Kawasaki disease is a frightening and rare condition in children.

Amount of cases reported monthly in the duration of 10 years since 1988-1998

What is Kawasaki Disease? • Kawasaki disease is a group of specific symptoms and physical signs. • Kawasaki disease is associated with swelling and damage of the blood vessels, or arteries. This swelling and damage is called inflammation. • Kawasaki disease often affects the arteries that supply the heart with blood. These are called the coronary arteries. • Children who get the disease are usually less than 5 years old. • It is very rare to get the disease after a child is 10 years old. • The risk of other children in the same family getting Kawasaki disease is very low. • The risk of a child getting Kawasaki disease for the second time is very rare.

What Causes Kawasaki Disease? • At present, no one actually knows what causes Kawasaki disease. Research is being done into the possible causes. • Researchers now think that the disease may be caused by an infection. Normally, the body's immune system quickly recognizes germs and destroys them. • But in the case of Kawasaki disease, a poison or toxin may be formed by the infection. This poison, or toxin, or perhaps the infection itself, makes certain individuals have an unusual, or abnormal reaction from the immunity system to the infection. However, we do not know what the infection or toxin is.

We also do not know what makes some individuals more likely to get this disease than others. There is a slight chance that the brothers and sisters of a child with Kawasaki disease may also get the disease. But this is very rare. Unfortunately, there is no way we know of to prevent a child from getting the disease.

Kawasaki Disease: Symptoms and Diagnosis • All patients have a continuous fever lasting 5 days or more. • 4 out of 5 of the following symptoms are also necessary before the doctor can know for sure, if a child has this disease.

Symptoms • Red eyes • Redness of the lips, tongue or mouth • Redness or swelling of the hands and feet • A body rash • Swelling of the glands in the neck

Kawasaki Disease Symptoms: Red Eyes • The below photo shows what the child’s eyes look like with Kawasaki disease.

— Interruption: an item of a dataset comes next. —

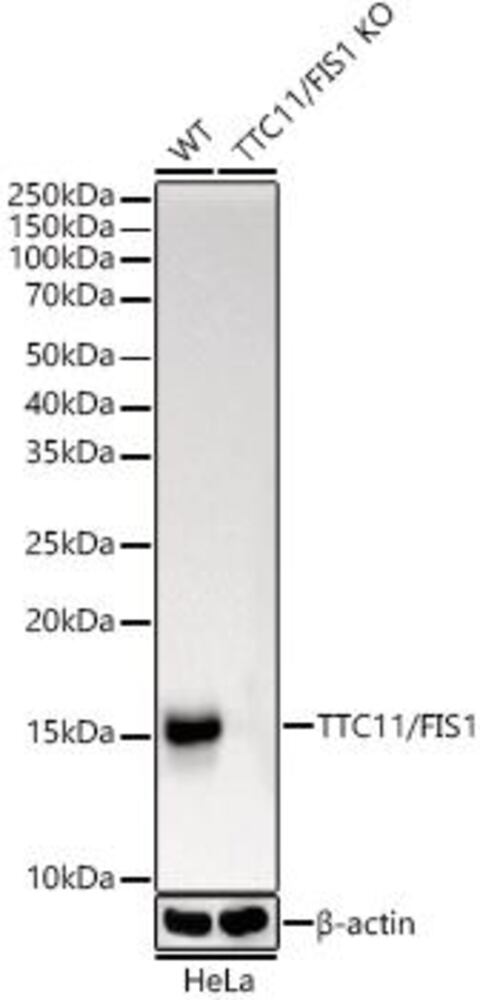 Anti-TTC11 / FIS1 Antibody [ARC5010-01], 100 µl - Luminix Health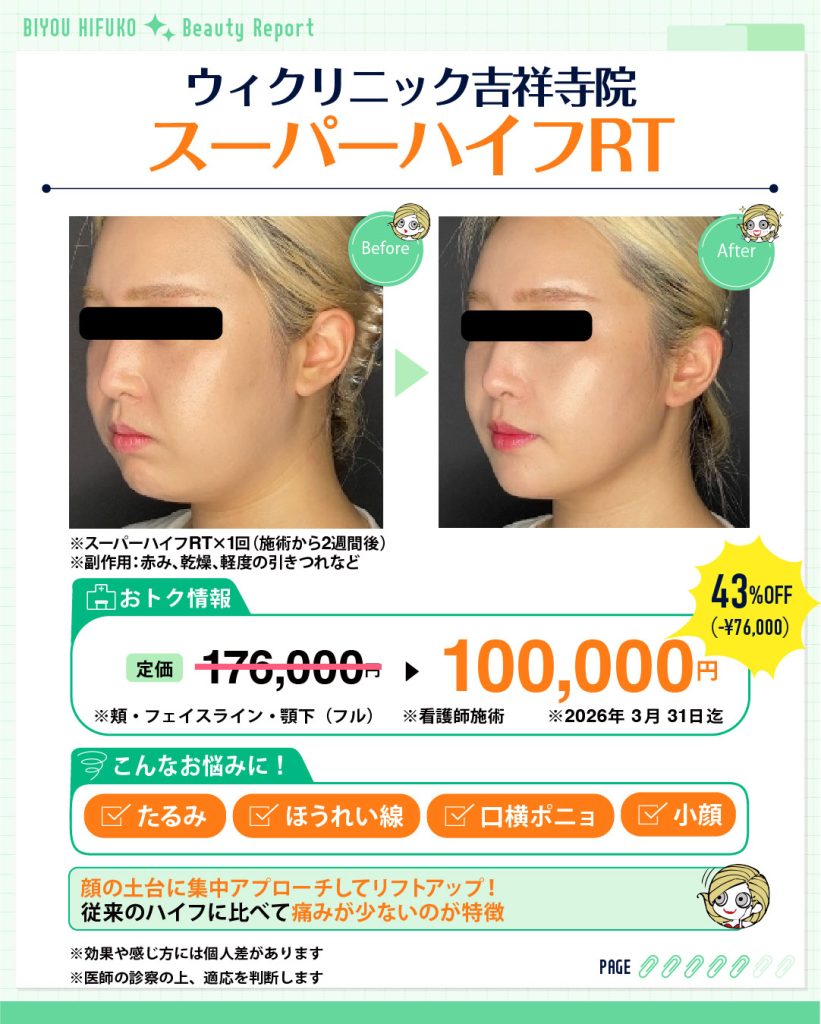 ウィクリニック,美容ヒフコ,スーパーハイフ,ハイフ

Kawasaki Disease Symptoms: Changes in the Lips, Tongue and Mouth • Some changes which occur in the mouth and lips may be seen in the pictures below.

These changes of the mouth and lips include such things as: • redness, • drying with cracking of the lips, and • a red strawberry-like tongue.

Kawasaki Disease Symptoms: Changes to the Hands and Feet • The palms, or inside flat part of the hands, and the soles, or bottoms of the feet may turn red in colour. They may also appear swollen.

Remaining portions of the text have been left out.